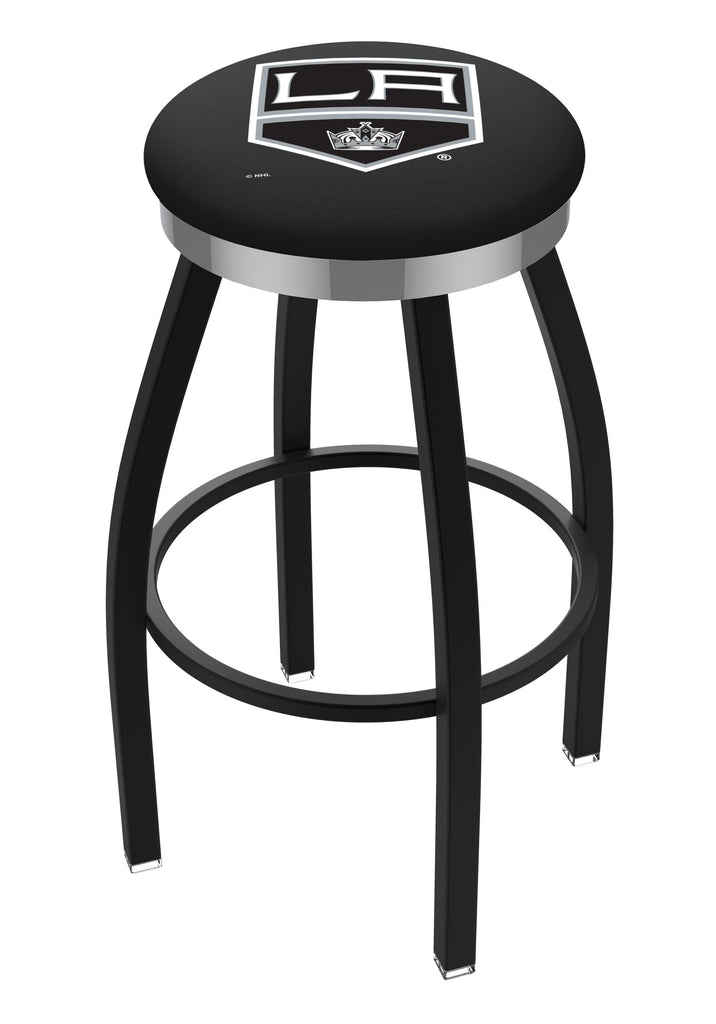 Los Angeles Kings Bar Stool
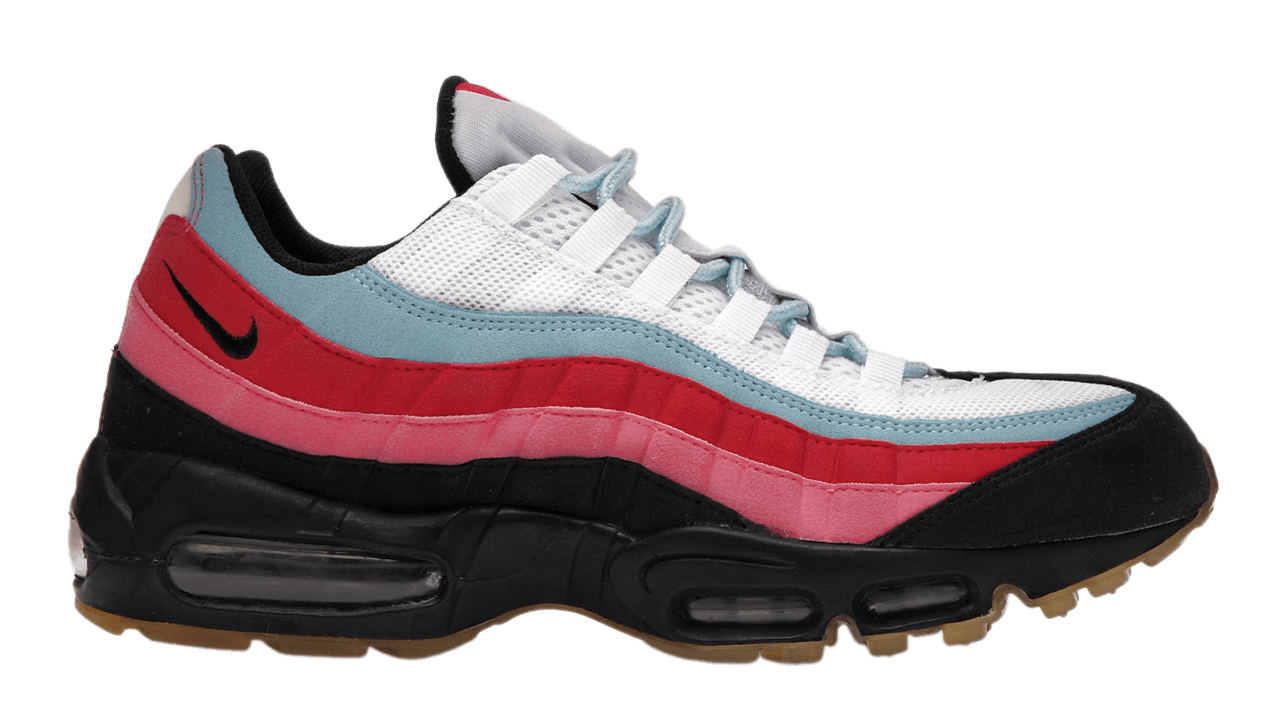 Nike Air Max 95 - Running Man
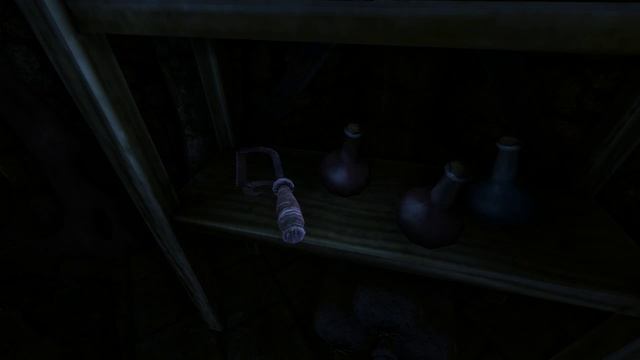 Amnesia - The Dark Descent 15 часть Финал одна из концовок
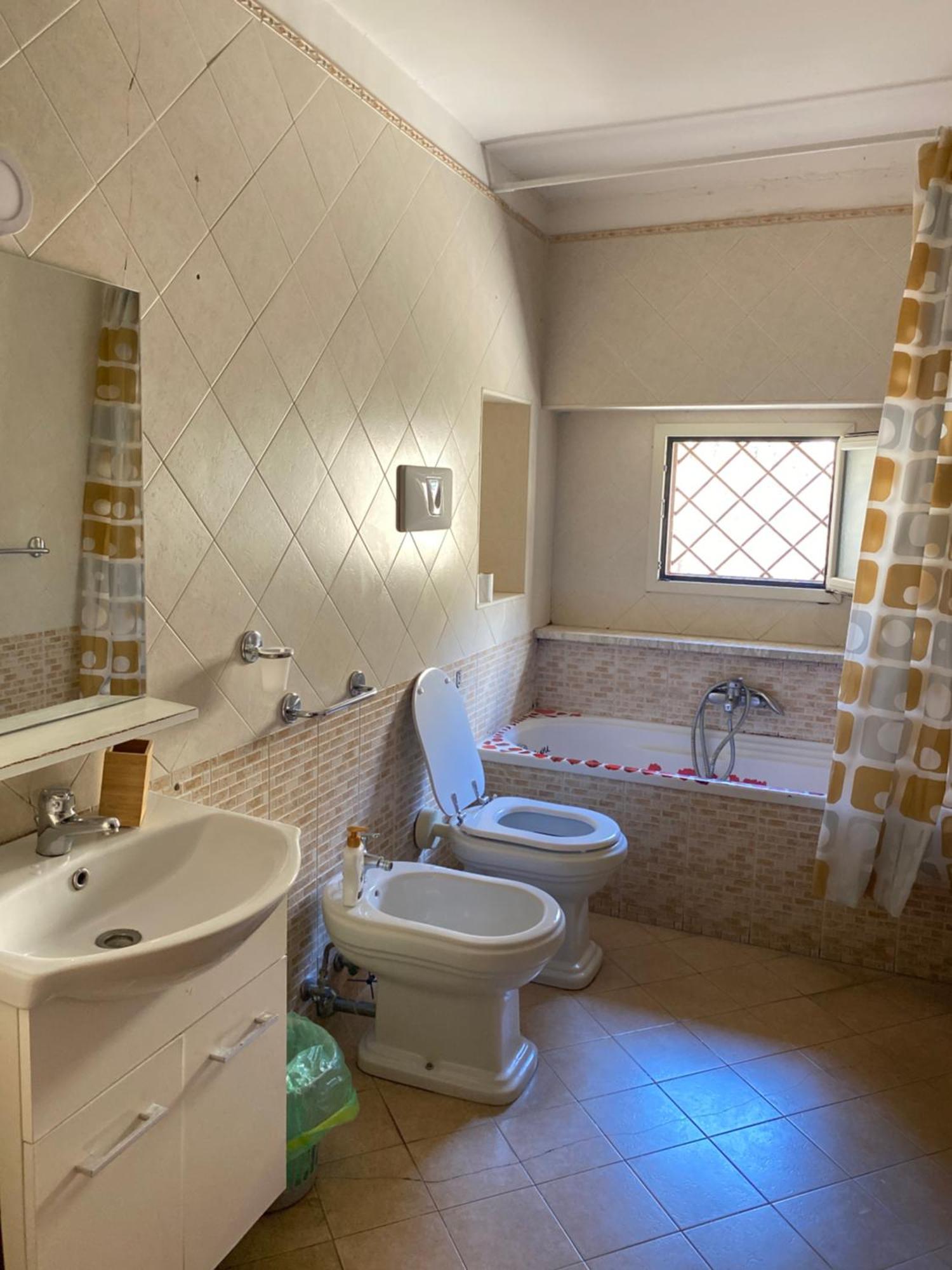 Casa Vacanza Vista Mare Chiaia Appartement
================
_WORK ITEM_
In your copy of the data above, leave out the pictures and repeat everything else exactly.

_SOLUTION FOR THIS TASK_
 Los Angeles Kings Bar Stool
 Nike Air Max 95 - Running Man
 Amnesia - The Dark Descent 15 часть Финал одна из концовок
 Casa Vacanza Vista Mare Chiaia Appartement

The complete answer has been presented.